Italian regulators bailed out Veneto Banca and Banca Popolare di Vicenza to avoid a crisis in its industrial heartland in the northeast region of the country.
This is Italy’s second major bailout within six months. At the end of last year, the country announced a rescue of the world’s oldest bank, Monte dei Paschi di Siena. That deal was completed last week, days before the second bailout was announced.
You might think stocks would drop on all the bad news. But that’s not what happened. Investors like to pretend problems don’t exist until they become too large to ignore. This was true in 2008 when multiple financial firms failed before the market crashed. It’s true now in Italy.
Europe’s Bubble Trouble
Investors are ignoring the risks, which has pushed the country’s benchmark stock market index into bubble territory. This is shown in the chart below.
Of course, we can’t tell for sure that we’re in a bubble until after it pops. But from studying past bubbles, I found that when the annualized rate of change exceeds 30%, it’s time to expect a sell-off. Well, as the chart shows, it’s time to look for a sell-off in Italy.
But there are problems beyond the borders of Italy.
Greece avoided defaulting on its debt next month because the euro zone agreed to give the country enough money to meet its obligations. That’s like taking a cash advance on one credit card to make the minimum payment on another.
At the beginning of June, Spain’s fifth-largest bank failed. Spain’s largest bank, Santander, bought Banco Popular for €1. Banco Popular, with $100 billion in loans, never fully recovered from the subprime mortgage crisis of 2008.

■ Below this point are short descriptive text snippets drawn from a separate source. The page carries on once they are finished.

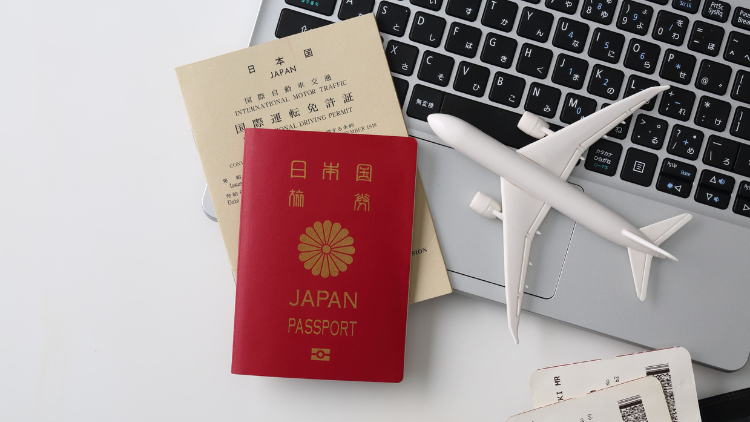 A red Japan passport and international travel documents rest on a laptop keyboard beside a small airplane model.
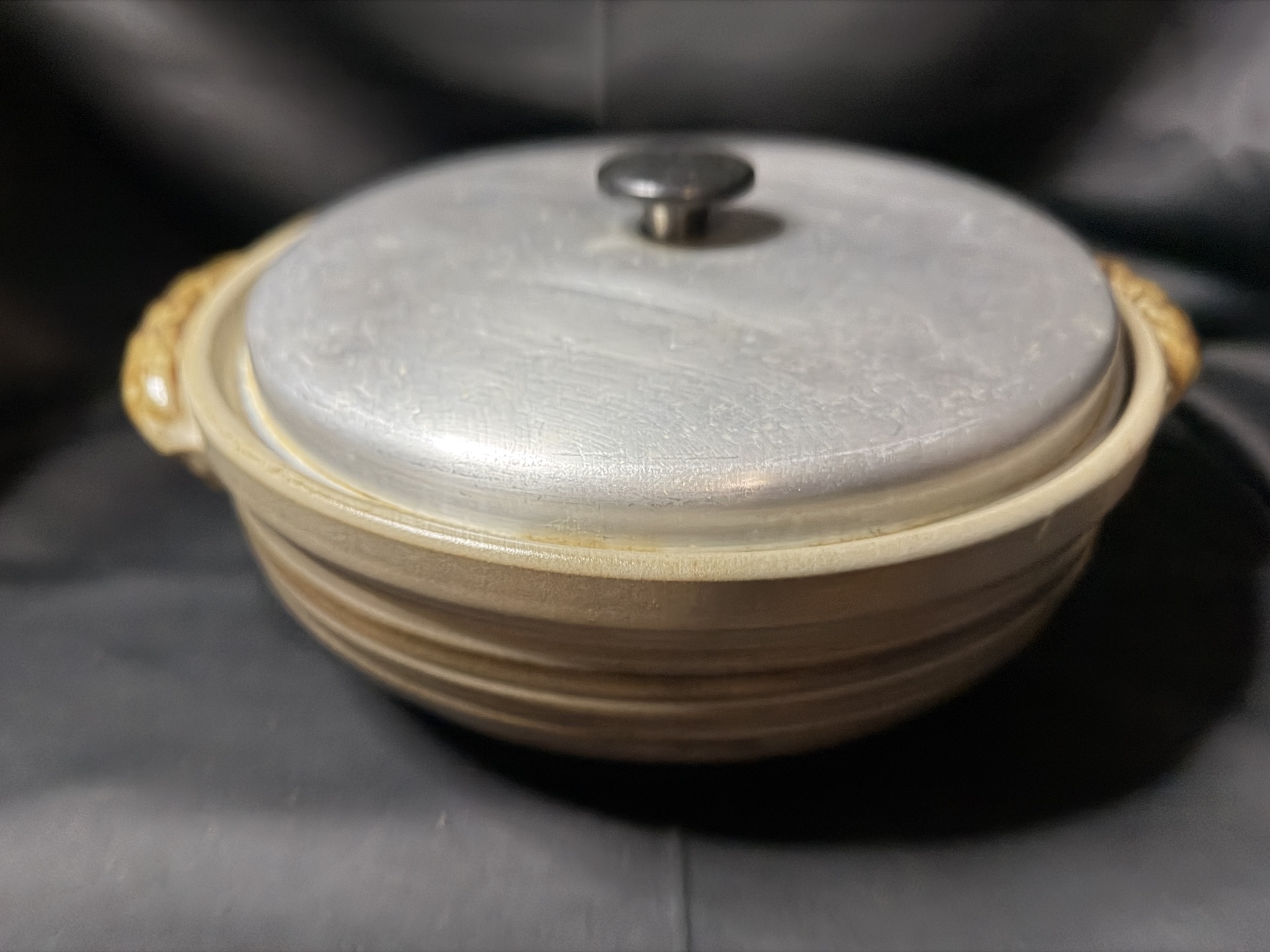 Vintage stoneware serving bowl with a metal lid - image 1 of 5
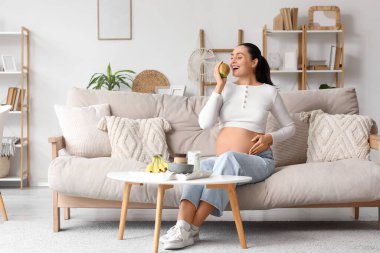 Genç hamile kadın evdeki kanepede elma yiyor.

Benchmark stock market indexes in Greece and Spain are also in bubble territory, with their annualized rate of change now topping 30%. The FTSE Eurotop 100 Index, a benchmark for the continent, is also flashing that same warning sign.
It is possible there are no problems below the surface of the European banking system. But those large bank failures are warning that all is not well. We know that it’s likely there are problems. The question is whether the stock market can shrug them off and continue higher.
The market has shrugged and rallied quite a few times in the past few years. But there will come a day when the stock market falls and a bear market begins. A crumbling financial system tells us the next global bear market could start in Europe.